*AIM OF THE TASK*: Copy out exactly the lines from the one containing "Trousers | Straight" through the end of the records, and no pictures.

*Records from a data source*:
==*==

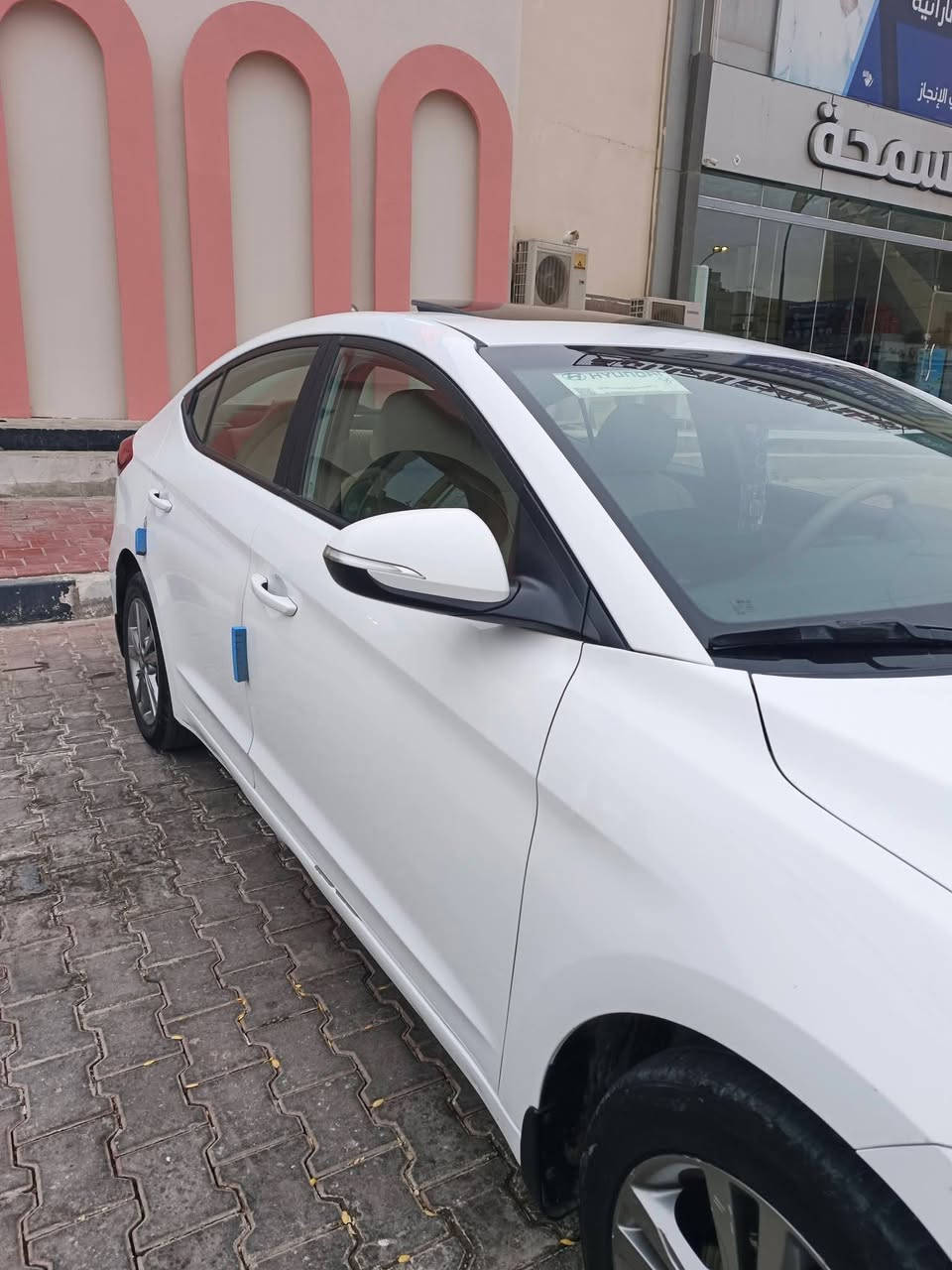 .   

💎هونداي النترا   2017.    
              ELANTRA
  
💎          السعر152

      خليجي     المواصفات         مكفوله  جديده عده بارد بسيط
          
💎محرك 2000cc 

💎فتحه    سلايد 

💎كاميرات  @ خلفي 

💎شاشةكبيره اندرويد 

💎تحكم أستيرن 

💎وضعيات قيادة متعدده ٣ وضعيات

💎_ حساسات 

      داخل بيجي 
  
💎مري شفط نضام ترحيب 

💎لد نهاري 

💎تبريد قطعتين

💎ويل كب/ويل كروم/ويل 17

💎داخل جلد

💎مدخل AUX+USB/بلوتوث...

💎((( ملاحظه ترهم مراوس ب20+19  اربيل جديد))) 

💎مكاني نجف للاستفسار *********** حياكم الله
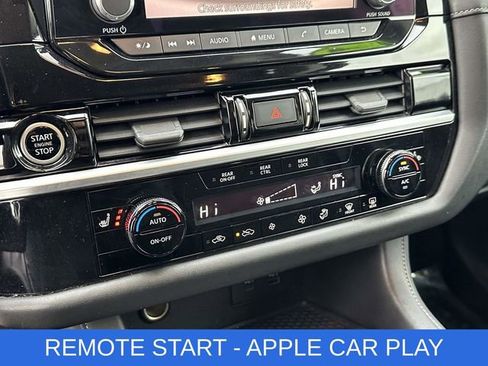 Used 2022 Nissan Pathfinder SV w/ SV Black Package image 7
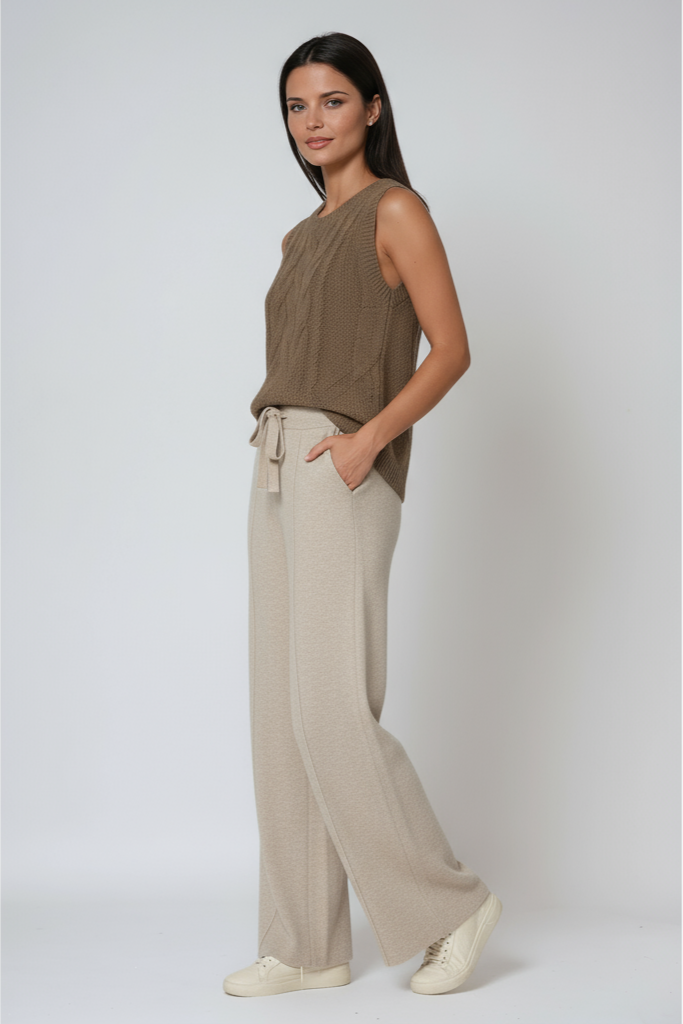 Trousers | Straight Legs and Drawstring Waist
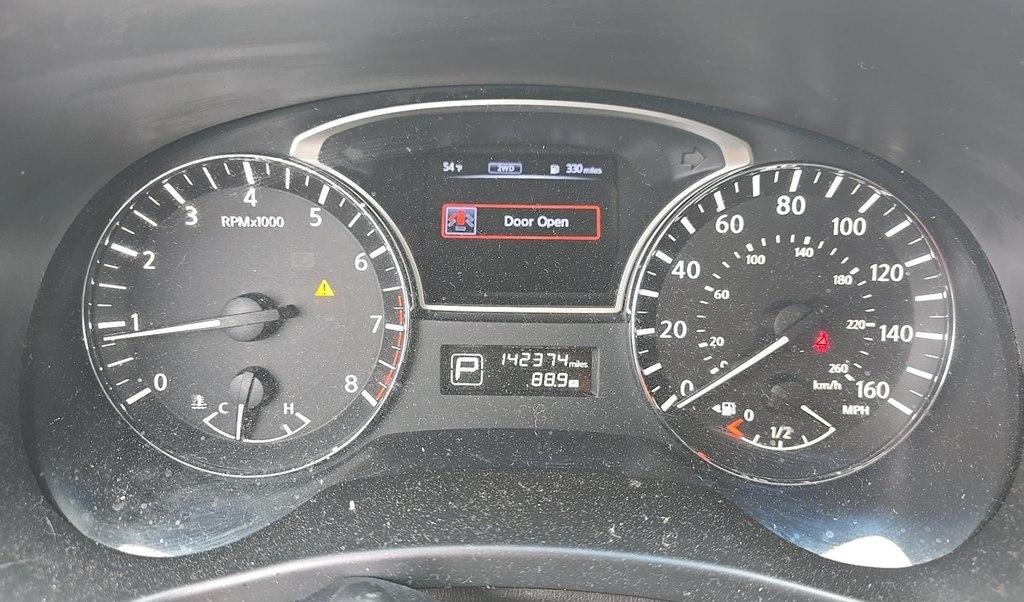 Nissan Pathfinder  2015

==*==

*TASK ANSWER*:
 Trousers | Straight Legs and Drawstring Waist
 Nissan Pathfinder  2015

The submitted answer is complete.